Luck might have been on Ferdinand's side one more time that day. In another Smithsonian article, Dash writes that the crowd was so dense that Princip couldn't make use of the bomb he had on him, leaving him only his gun. Princip later testified that he didn't aim or even turn his head, only firing toward the archduke's car. His blind shots managed to catch Ferdinand in the throat and Sophia in the stomach. Both died within minutes of the attack.

Youth Saved The Killer

"Sophie, Sophie, don't die," Franz Ferdinand begged his wife after he was shot (per History). "Stay alive for our children." His pleas were nothing against the fatal stomach wound Sophia took in the attack; their children would be orphaned. Yet the youth of assassin Gavrilo Princip saved his own life.

Taken into custody, Princip made no attempt to deny his guilt but insisted that he had only meant to shoot Ferdinand, not Sophia. Though his crime was not only murder but also the assassination of the heir apparent, Austrian law did not allow for the death penalty to be sentenced to anyone under the age of 20. Princip was just three weeks shy of his 20th birthday, so was instead given 20 years in prison. According to Britannica, it was the maximum sentence allowed for his age.
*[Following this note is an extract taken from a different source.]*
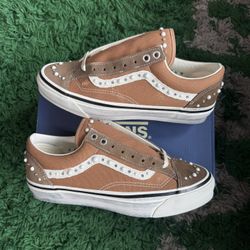 Pearlized Vans Cocoa Brown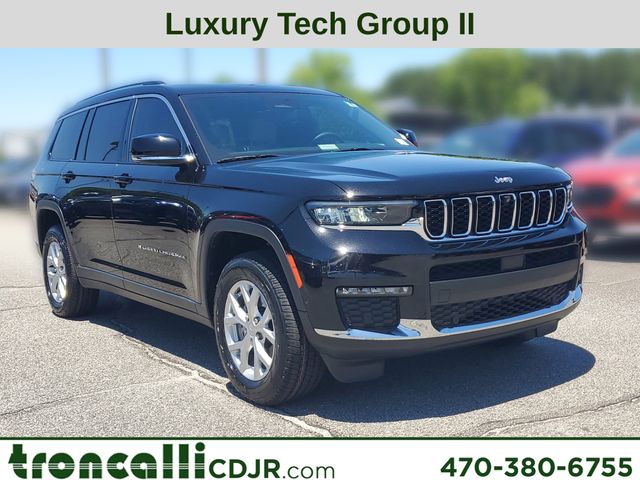 Diamond Black 2023 Jeep Grand Cherokee L SUV / Crossover Four-Wheel Drive 8-Speed Automatic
Princip didn't live to carry out his full sentence. Tuberculosis, which he may have already had before his arrest, cost him an arm. While recovering in the prison hospital, he passed away in April 1918. He was only 23 when he died. Princip's crime triggered a war that savaged all of Europe, but according to The Globe and Mail, he never showed signs of regret.

How Involved Was Serbia?

While Gavrilo Princip undeniably took Franz Ferdinand's wife, just how wide the conspiracy against the archduke stretched remains less certain. Princip and his men insisted that the plan was theirs, but they had received support from the Black Hand of neighboring Serbia, per Paul Miller-Melamed in The Washington Post. The Austro-Hungarian government wanted to know if their rival power had been complicit in the assassination (via The Irish Times).

The Black Hand was no secret society. Its leader was also the head of military intelligence for Serbia, Dragutin Dimitrijevic, and it operated in public view. Prime Minister Nikola Pašić's unheeded warning to the Austrian government shows he had at least some knowledge of the plot. When Austria finally issued a response to the murder, it plainly accused Serbia of abetting the actions of groups like the Black Hand.

Miller-Melamed argues for a smaller conspiracy. Dimitrijevic, better known as Apis, was no friend to Pašić. He and the Black Hand attempted a military takeover of the government in 1914 that was only foiled by international efforts. Austria's own intelligence agencies suggested that the Black Hand was a more immediate threat to Serbia itself than the Austro-Hungarian Empire. Apis may not have wanted the assassination to succeed at all, hoping only that the attempt would anger Austria enough to lobby for Pašić's ouster. The risk eventually led Apis to call off the effort — but not in time to stop it.